■ SUPPLIED INFORMATION:
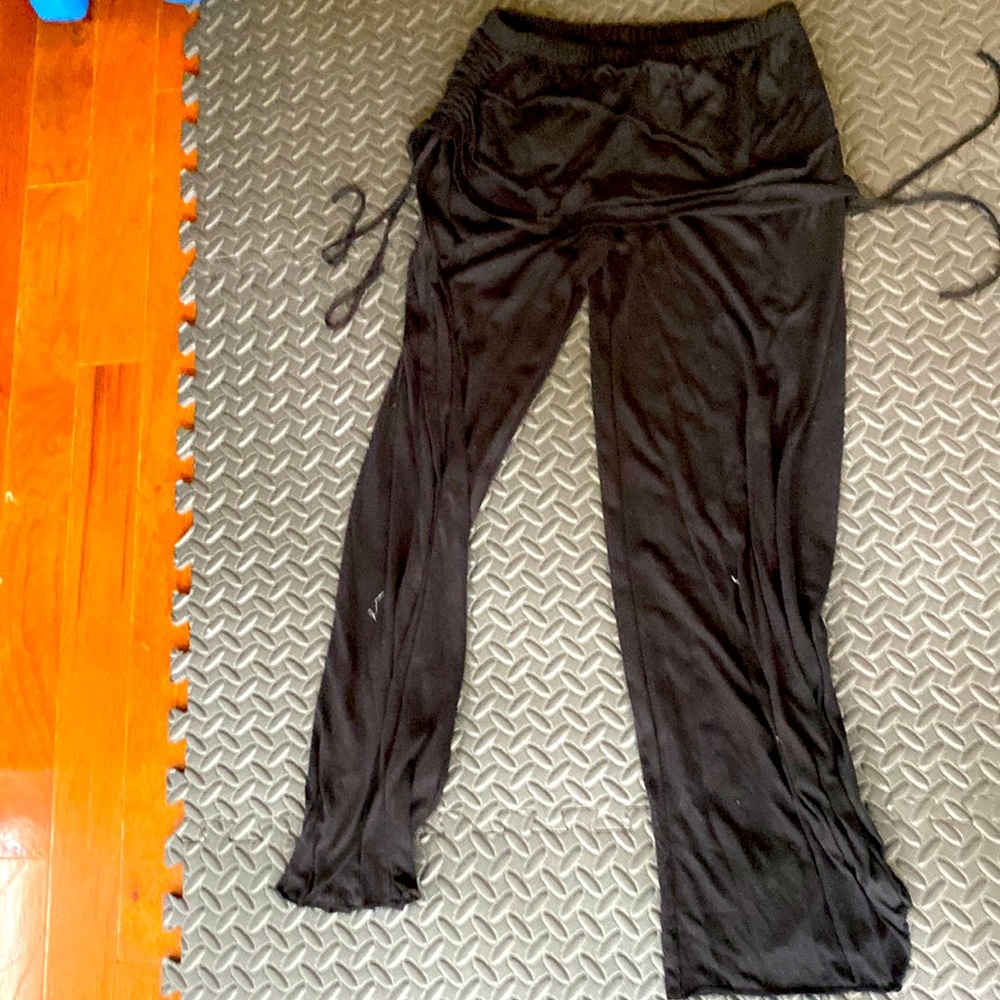 Black pants tie looks at waist large- really like a medium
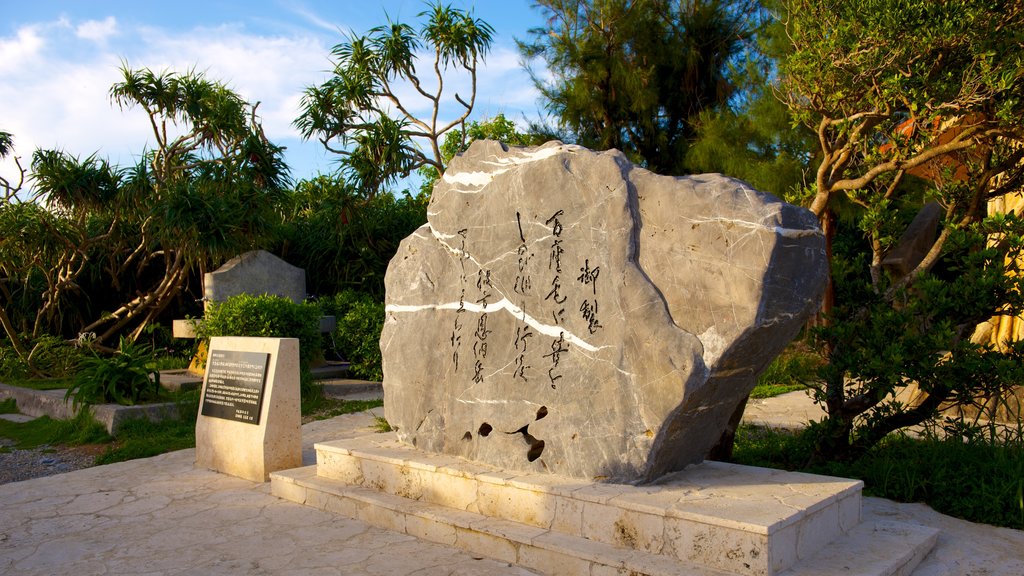 Cape Manza ofreciendo un monumento y arte al aire libre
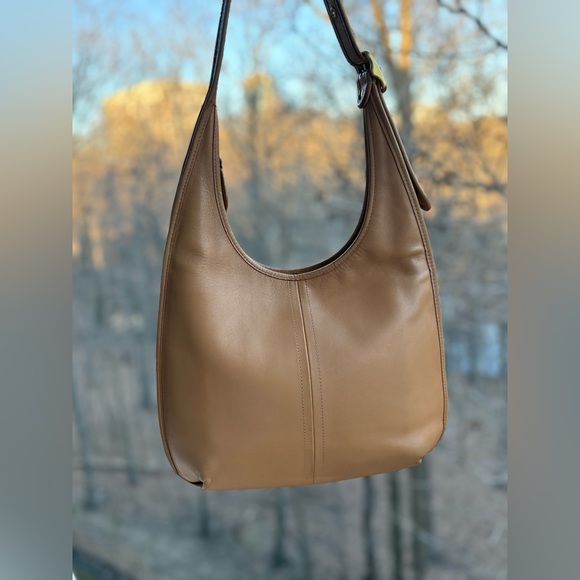 Coach Ergo 33 | 2022 Archive Re-Edition | Glovetanned Leather | Great Condition - Picture 7 of 14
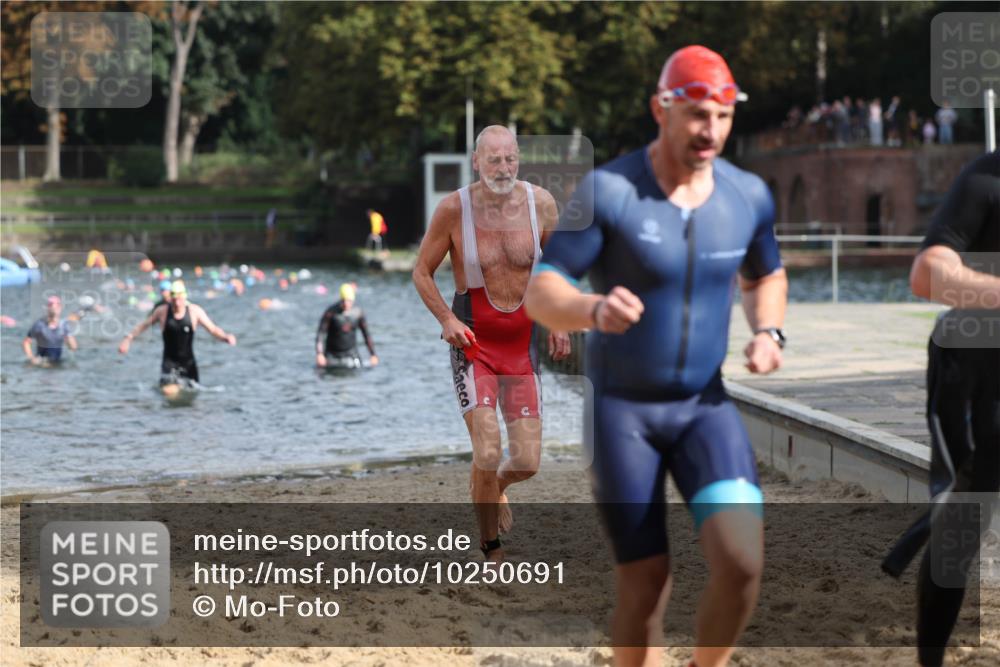 13.09.2026 - Stadtparktriathlon Mo-Foto http://msf.ph/oto/10250691 13.09.2026 11:30:53 Schwimmen 847, 867, 886, 914, 916, 926 meine-sportfotos.de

■ TASK DESCRIPTION: Write the data out again exactly, but without its images.

■ EXERCISE ANSWER:
 Black pants tie looks at waist large- really like a medium
 Cape Manza ofreciendo un monumento y arte al aire libre
 Coach Ergo 33 | 2022 Archive Re-Edition | Glovetanned Leather | Great Condition - Picture 7 of 14
 13.09.2026 - Stadtparktriathlon Mo-Foto http://msf.ph/oto/10250691 13.09.2026 11:30:53 Schwimmen 847, 867, 886, 914, 916, 926 meine-sportfotos.de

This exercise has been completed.